» **Task item**:
Give the data back exactly. Leave out any images.

Collected data entries
=======
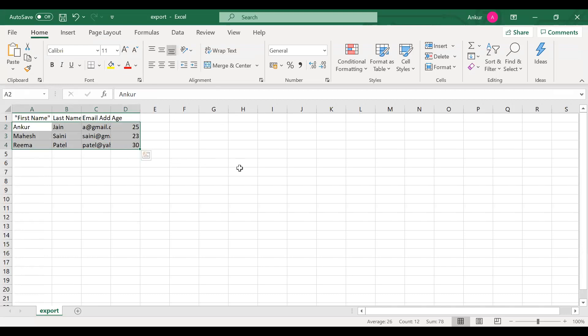By default the file name is export.CSV, but you can change it as well. Just click on the Export to Excel component again and there is a property called file name. You can set it to 'employee_data.CSV'. Now run your application again, click on Export to Excel, and here you see the file name is employee_data.CSV. This is how you can add the export functionality to your web application in VBCS.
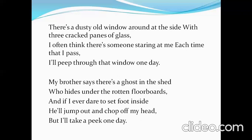In the third stanza: 'My brother says there is a ghost in the shed who hides under the rotten floorboards, and if I ever dare to step foot inside, he'll jump out and chop off my head. But I will take a peek one day.' The poet's brother is trying to make him feel scared by claiming there is a ghost inside the shed.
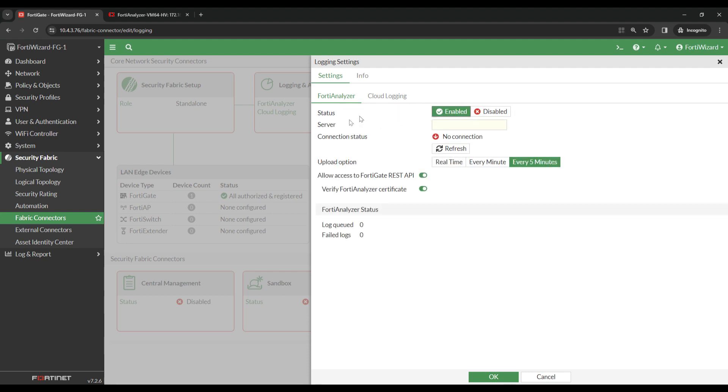You'll now see that there are some more options shown, such as Server, Connection Status, Upload Option, Allow Access to FortiGate REST API, and Verify FortiAnalyzer Certificate.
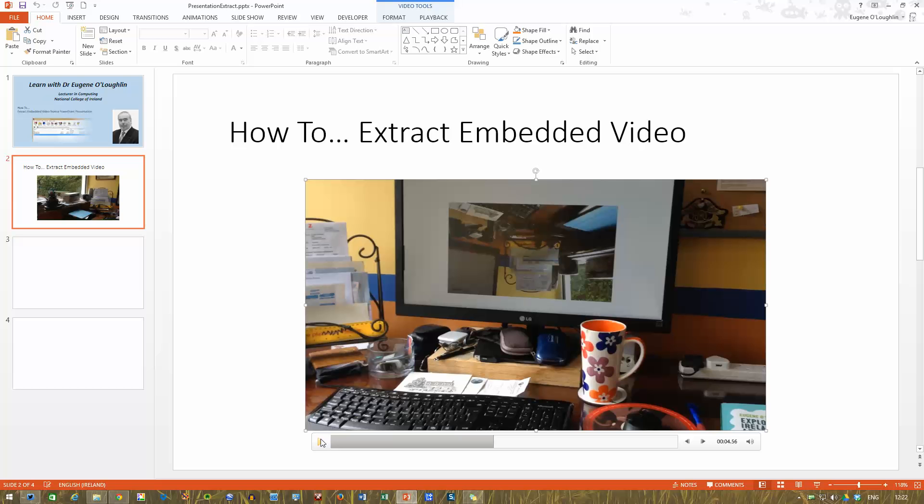Now unfortunately, there's no easy way within PowerPoint that allows you to save that video as a separate file, as a movie file or in any format. You can do some formatting with it but you cannot save it.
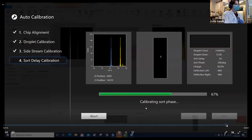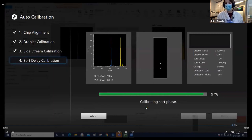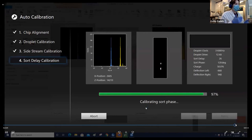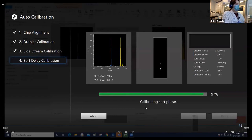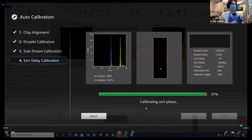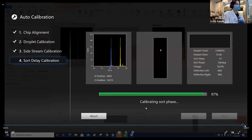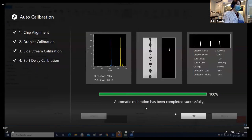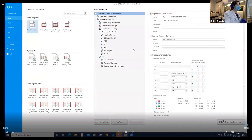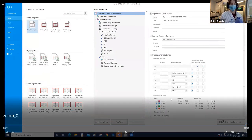The general QC time for the SH-800 is roughly about 20 minutes. Once it has completed chip alignment, droplet calibration, side stream calibration, and sort delay calibration, it will tell us that the automatic calibration has completed successfully, and at that point we can select OK and we're good to go ahead and get started with our experimental setup. Not all sorters have as automated a startup as this — many of them have some automation but quite a lot less. One nice aspect about the SH-800 is that it's somewhat 'set it and forget it' once you get the QC going.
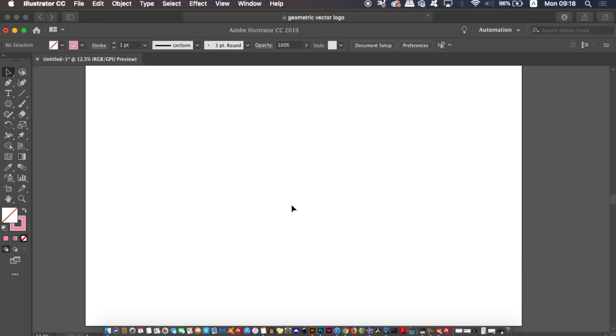Learn how to design today's geometric vector in under five minutes, so let's waste no more time and jump right into Adobe Illustrator. Let's get cracking by pressing M for the rectangle tool and then click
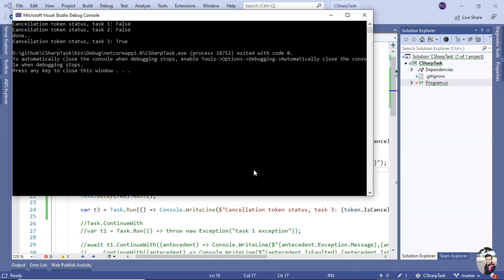So this is how cancellation works in task. Thank you for watching.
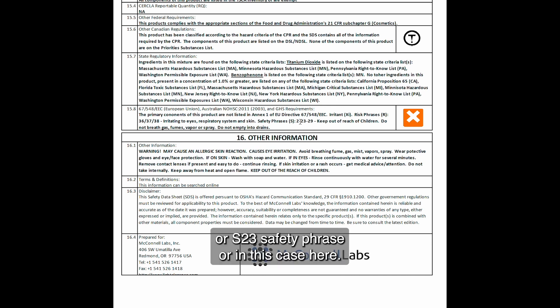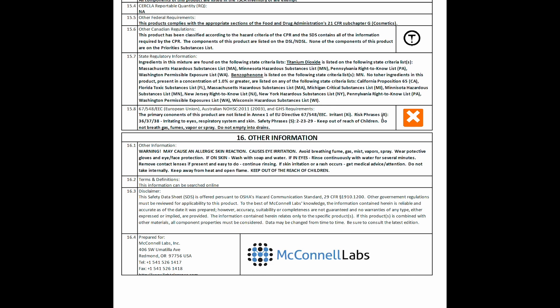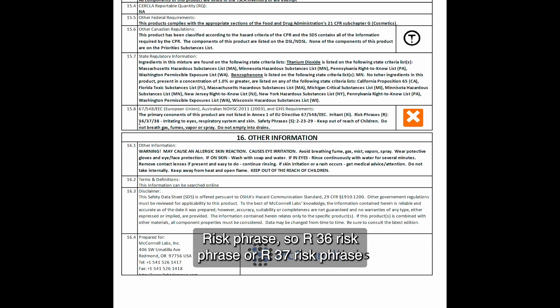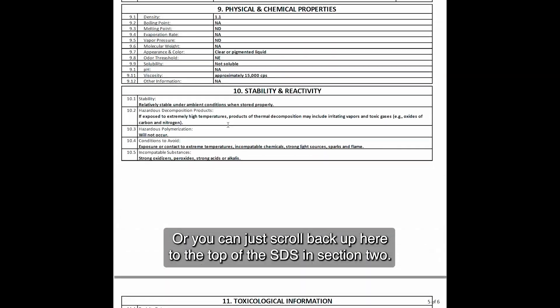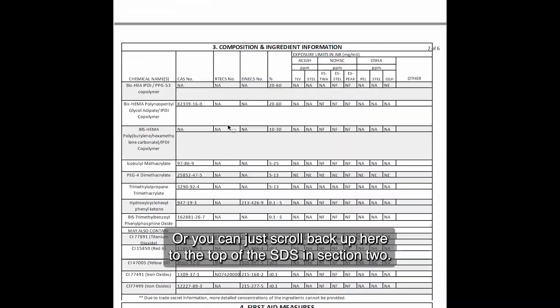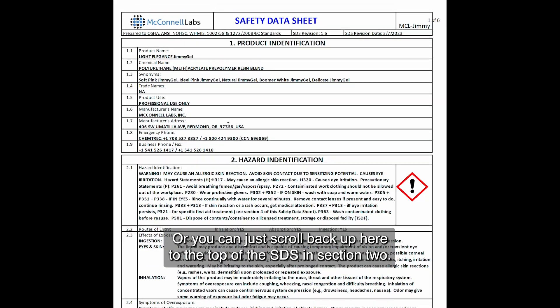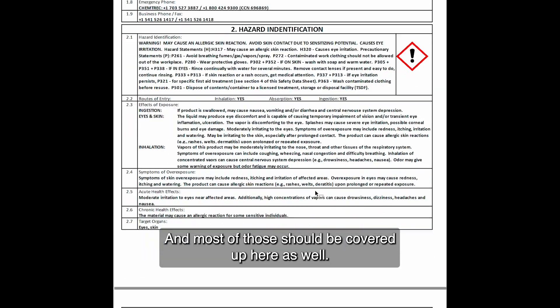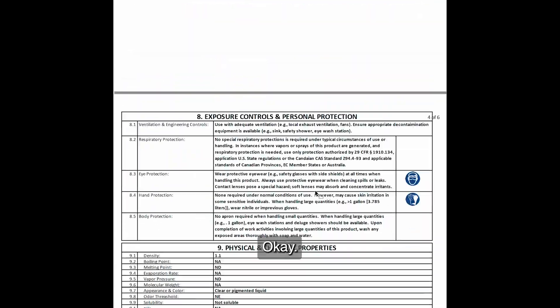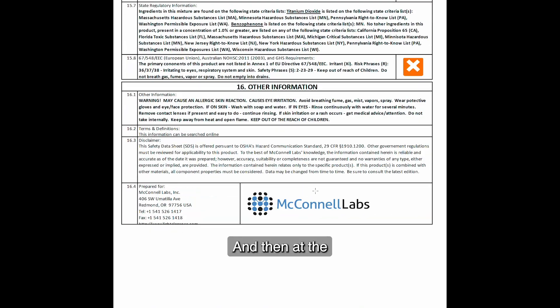If you need to look up those phrases, just do a Google search for the safety phrase code — for example, S2 or S23 — or in this case the risk phrase codes R36 and R37. That'll tell you the relevant information, or you can scroll back up to the top of the SDS to section two, where most of those should be covered as well.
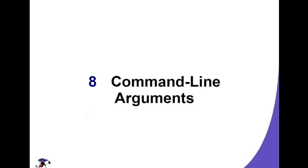Hi everyone. Today's topic is all about command line arguments. We are already in chapter 8.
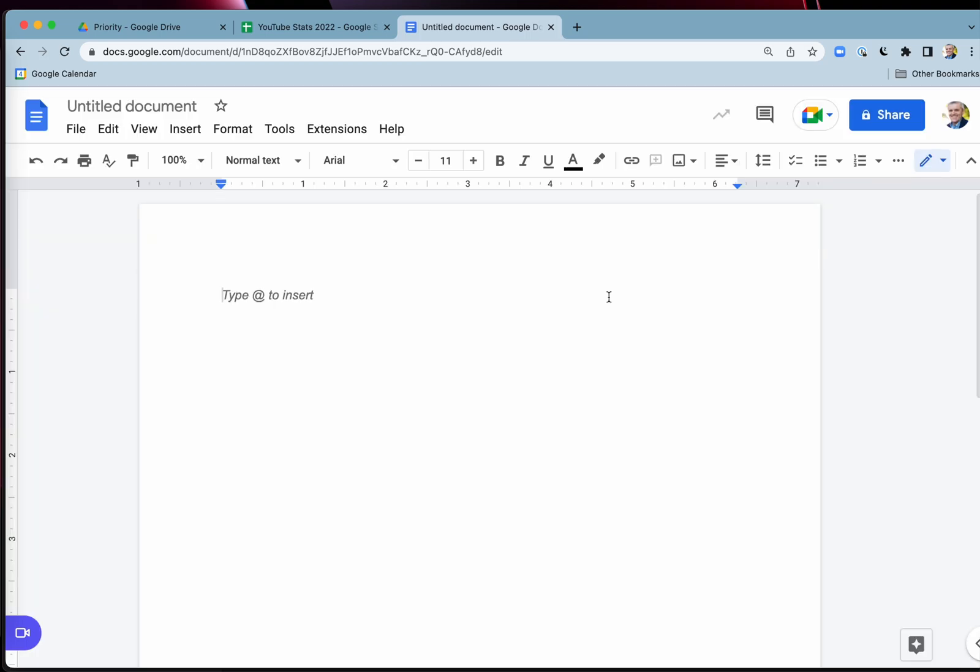Now, if you're a heavy user of Google Sheets, like I am or Google Docs, let me know in the comments, what is your best shortcut for Google Sheets, Google Docs or anything in Google Drive? Let me know in the comments. I'll answer every comment.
=======
» **Written answer**:
By default the file name is export.CSV, but you can change it as well. Just click on the Export to Excel component again and there is a property called file name. You can set it to 'employee_data.CSV'. Now run your application again, click on Export to Excel, and here you see the file name is employee_data.CSV. This is how you can add the export functionality to your web application in VBCS.
In the third stanza: 'My brother says there is a ghost in the shed who hides under the rotten floorboards, and if I ever dare to step foot inside, he'll jump out and chop off my head. But I will take a peek one day.' The poet's brother is trying to make him feel scared by claiming there is a ghost inside the shed.
You'll now see that there are some more options shown, such as Server, Connection Status, Upload Option, Allow Access to FortiGate REST API, and Verify FortiAnalyzer Certificate.
Now unfortunately, there's no easy way within PowerPoint that allows you to save that video as a separate file, as a movie file or in any format. You can do some formatting with it but you cannot save it.
The general QC time for the SH-800 is roughly about 20 minutes. Once it has completed chip alignment, droplet calibration, side stream calibration, and sort delay calibration, it will tell us that the automatic calibration has completed successfully, and at that point we can select OK and we're good to go ahead and get started with our experimental setup. Not all sorters have as automated a startup as this — many of them have some automation but quite a lot less. One nice aspect about the SH-800 is that it's somewhat 'set it and forget it' once you get the QC going.
Learn how to design today's geometric vector in under five minutes, so let's waste no more time and jump right into Adobe Illustrator. Let's get cracking by pressing M for the rectangle tool and then click
So this is how cancellation works in task. Thank you for watching.
If you need to look up those phrases, just do a Google search for the safety phrase code — for example, S2 or S23 — or in this case the risk phrase codes R36 and R37. That'll tell you the relevant information, or you can scroll back up to the top of the SDS to section two, where most of those should be covered as well.
Hi everyone. Today's topic is all about command line arguments. We are already in chapter 8.
Now, if you're a heavy user of Google Sheets, like I am or Google Docs, let me know in the comments, what is your best shortcut for Google Sheets, Google Docs or anything in Google Drive? Let me know in the comments. I'll answer every comment.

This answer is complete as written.